Task prompt: Write out all the entries word for word, but skip any images.

_____

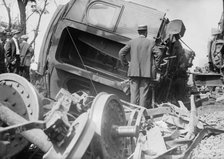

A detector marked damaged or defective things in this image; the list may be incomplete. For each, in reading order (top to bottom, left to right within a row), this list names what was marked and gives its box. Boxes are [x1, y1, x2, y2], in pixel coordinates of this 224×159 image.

wrecked locomotive [35, 0, 194, 104]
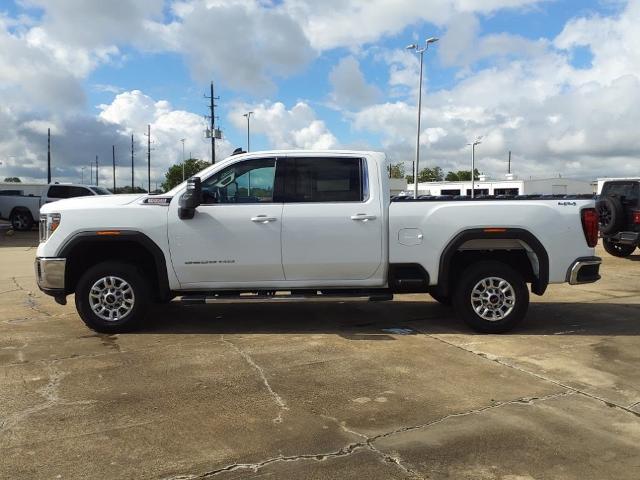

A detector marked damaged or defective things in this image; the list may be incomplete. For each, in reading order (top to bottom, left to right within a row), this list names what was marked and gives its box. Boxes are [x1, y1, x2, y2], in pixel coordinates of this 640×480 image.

cracked concrete pavement [1, 231, 640, 478]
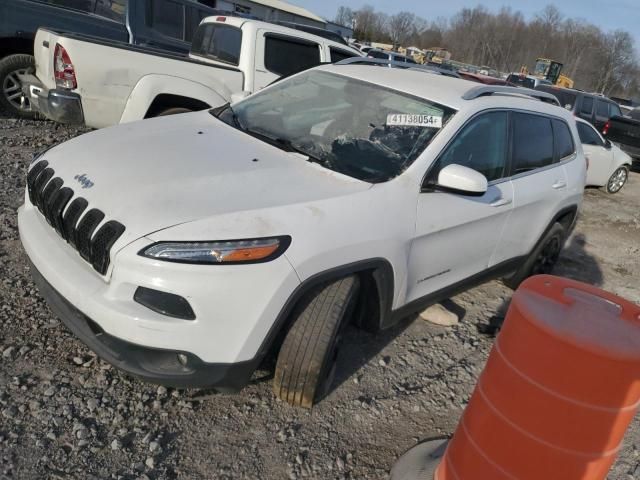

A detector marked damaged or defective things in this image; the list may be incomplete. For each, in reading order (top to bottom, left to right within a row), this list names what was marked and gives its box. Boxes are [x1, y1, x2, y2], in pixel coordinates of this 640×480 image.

damaged hood [38, 111, 370, 249]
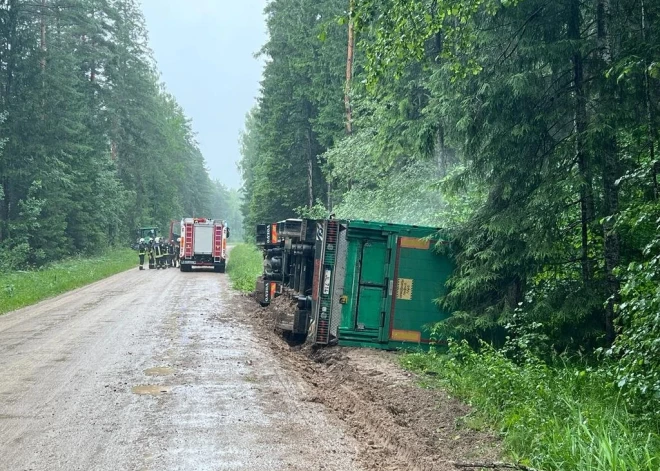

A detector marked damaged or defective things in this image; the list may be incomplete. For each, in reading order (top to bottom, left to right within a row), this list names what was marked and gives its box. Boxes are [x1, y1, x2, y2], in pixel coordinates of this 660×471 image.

overturned truck [255, 219, 452, 348]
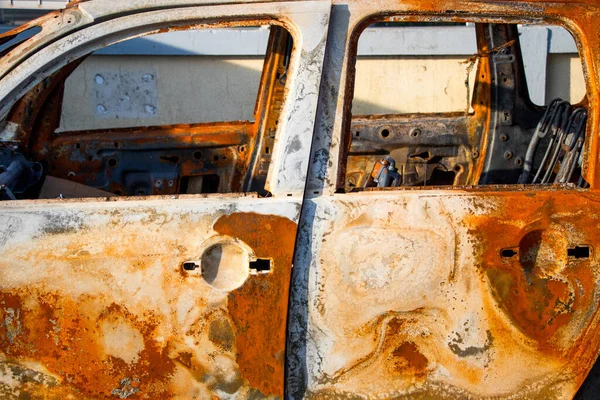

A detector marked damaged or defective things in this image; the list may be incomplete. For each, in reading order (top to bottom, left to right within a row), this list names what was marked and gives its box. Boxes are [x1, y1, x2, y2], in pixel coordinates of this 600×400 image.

corroded metal surface [0, 197, 300, 396]
rusty door panel [0, 198, 300, 398]
orange rust [213, 212, 298, 396]
rust patch [214, 212, 298, 396]
corroded metal surface [296, 190, 600, 396]
rusty door panel [298, 190, 600, 396]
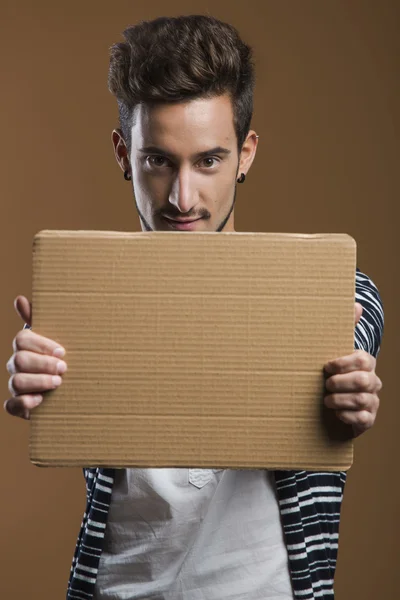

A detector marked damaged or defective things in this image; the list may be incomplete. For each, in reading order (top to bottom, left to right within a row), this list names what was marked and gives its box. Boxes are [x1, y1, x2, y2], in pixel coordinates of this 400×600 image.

torn cardboard corner [30, 230, 356, 468]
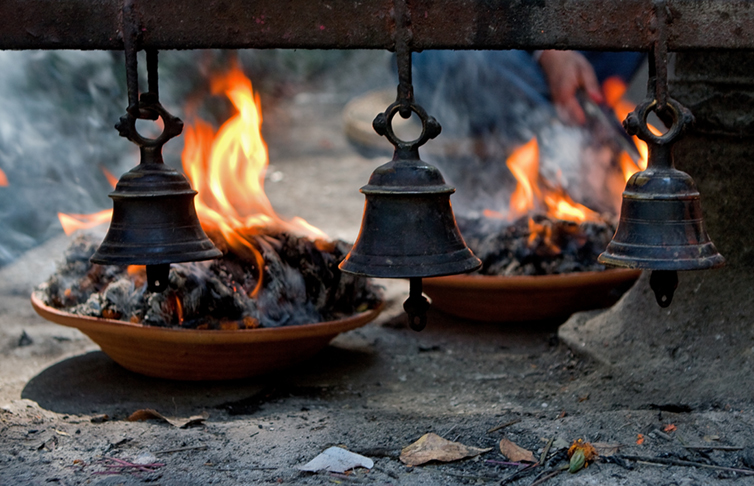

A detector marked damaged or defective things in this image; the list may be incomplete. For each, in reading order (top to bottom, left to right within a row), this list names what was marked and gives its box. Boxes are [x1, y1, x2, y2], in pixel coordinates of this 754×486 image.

rusted metal bar [4, 0, 752, 50]
burnt offering [36, 233, 376, 330]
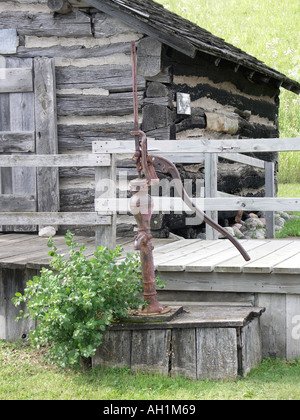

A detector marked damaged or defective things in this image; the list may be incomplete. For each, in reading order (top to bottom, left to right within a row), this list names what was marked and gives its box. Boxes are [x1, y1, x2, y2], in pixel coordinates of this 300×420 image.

rusty hand water pump [130, 41, 250, 316]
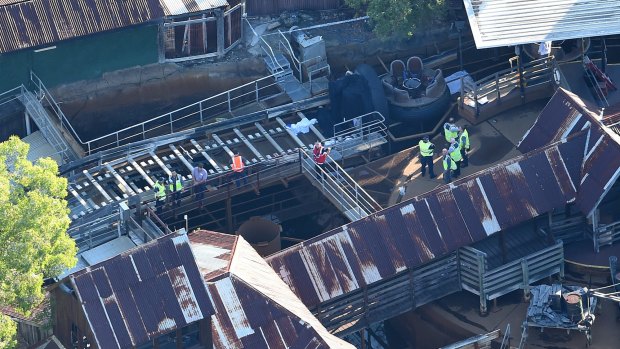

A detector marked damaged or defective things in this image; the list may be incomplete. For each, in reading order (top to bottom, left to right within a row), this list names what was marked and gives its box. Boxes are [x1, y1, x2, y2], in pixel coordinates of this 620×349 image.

rusty metal roof [0, 0, 163, 53]
rusty metal roof [520, 87, 620, 215]
rusty metal roof [268, 133, 596, 308]
rusty metal roof [70, 232, 213, 349]
rusty metal roof [189, 231, 354, 348]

_____

Output of the exercise:
A detector marked damaged or defective things in this image; the list may be incomplete. For each, in reading order (top to bottom, left to right within a row), this list names what was marked and gives its box. Boxes are [x1, y1, x2, y2], in pixel coordinates of this 224×159 image.

wrecked locomotive [35, 0, 194, 104]

A detector marked damaged or defective things in this image; the list may be incomplete. For each, in reading order (top to bottom, left to right within a row), this list names what was marked and gives its box. Boxes are [x1, y1, x2, y2], in pixel coordinates of this 640×480 image.

cracked concrete pavement [1, 231, 640, 478]

A detector marked damaged or defective things in this image; the list may be incomplete. For each, in reading order (top to bottom, left to right within a row), this list names what was marked and gives its box. Boxes are [x1, y1, x2, y2], in pixel coordinates of this 640×480 image.

damaged hood [38, 111, 370, 249]

A detector marked damaged or defective things in this image; the list may be incomplete. For each, in reading order (top to bottom, left to right within a row), this list names what was marked and gives its box. Boxes are [x1, y1, x2, y2], in pixel coordinates of this 660×471 image.

overturned truck [255, 219, 452, 348]

A detector marked damaged or defective things in this image; the list may be incomplete. For each, in reading order (top to bottom, left to right within a row), this list names what was marked and gives its box. Boxes are [x1, y1, x2, y2], in pixel coordinates of this 600×400 image.

corroded metal surface [0, 197, 300, 396]
rusty door panel [0, 198, 300, 398]
orange rust [213, 212, 298, 396]
rust patch [214, 212, 298, 396]
corroded metal surface [296, 190, 600, 396]
rusty door panel [298, 190, 600, 396]

A detector marked damaged or defective things in this image; the list may be incomplete. For each, in reading order (top to bottom, left to right within a row), this list names what was marked and gives its box. Boxes are [x1, y1, x2, y2], in pixel coordinates of this 400×600 image.

torn cardboard corner [30, 230, 356, 468]

A detector marked damaged or defective things in this image; the list may be incomplete. For each, in reading order (top to bottom, left to right within a row), this list names what was marked and gives its box. Boxes are [x1, y1, x2, y2], in pixel coordinates of this 754×486 image.

rusted metal bar [4, 0, 752, 50]
burnt offering [36, 233, 376, 330]

A detector marked damaged or defective things in this image; the list may be incomplete. For each, in reading order (top to bottom, left to right within a row), this list names what was marked and gives its box. Boxes are [x1, y1, x2, y2], in pixel coordinates of this 300×420 image.

rusty hand water pump [130, 41, 250, 316]

A detector marked damaged or defective things in this image; the list may be incomplete. For each, in reading order (top to bottom, left to right within a row), this list names what was marked and gives its box. Boxes are [x1, y1, x2, y2], in pixel coordinates of this 620×349 image.

rusty metal roof [0, 0, 163, 53]
rusty metal roof [520, 87, 620, 215]
rusty metal roof [268, 133, 596, 308]
rusty metal roof [70, 232, 213, 349]
rusty metal roof [189, 231, 354, 348]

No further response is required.